Caroline's characteristics fit the image of the pre-Civil War Southern lady, as she is submissive to male authority, fragile, and virtually helpless. Chabrier writes, "[Faulkner's] fictional families, like his own and other Southern families, were the offspring of a patriarchal society in which the woman was relegated to a ceremonial pedestal" (Chabrier, x). Caroline demonstrates her lack of authority by failing to provide any sort of motherly role to her children, and later loses control of Quentin, not even having the power to make her attend school. Caroline is like an ornament without an actual, practical use. Always sick, she needs Dilsey to assist her with even the simplest tasks, such as refilling her hot water bottle, or picking up the Bible where it had fallen on the floor. Caroline orders Dilsey to put the Bible within reach, complaining, "That's where you put it before. Do you want me to have to get out of bed to pick it up?" (Faulkner, 300). She is completely submissive to her husband, and later to Jason, never contradicting them or able to make any decisions of her own.

The sickly Caroline displays her weakness by crying whenever Jason disagrees with her, always yielding to his final decision in a wave of tears and self-pity. She urges Dilsey to adopt the same attitude with Jason, rebuking her for not immediately following Jason's commands. She says,

He's head of the house now. It's his right to require us to respect his wishes...It's neither your place nor mine to tell Jason what to do. Sometimes I think he is wrong, but I try to obey his wishes for you all's sake (Faulkner, 278).

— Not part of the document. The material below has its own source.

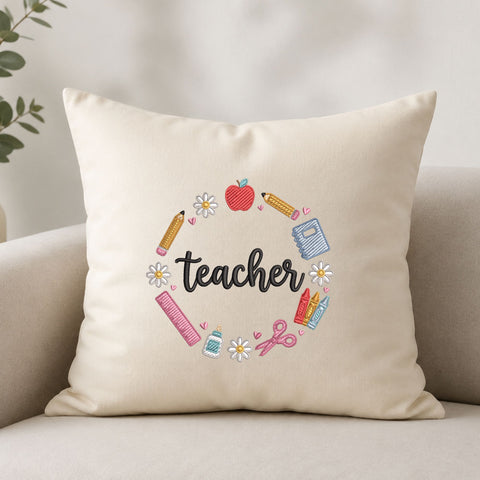 Teacher School Supplies Floral Machine Embroidery Design – Teacher Appreciation Embroidery File Embroidery/Applique DESIGNS PatternFeed8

Caroline's insistence on clinging to old values such as an extreme submission to male authority contributes to her weakness as a mother and as a grandmother. Chabrier comments, "Women, beginning in pre-Civil War South, while trained to be the ideals of perfection and submission, were unmistakably given a social position inferior to that of men" (Chabrier, 58). Unfortunately, Caroline fits the role of "Southern Lady" in a time when this image is losing its importance. The Compson family is deteriorating, their land assets are decreasing, yet Caroline refuses to see what is happening, and change with the present. She believes that because she is a "lady," she will always have special privilege in society and even in the eyes of God.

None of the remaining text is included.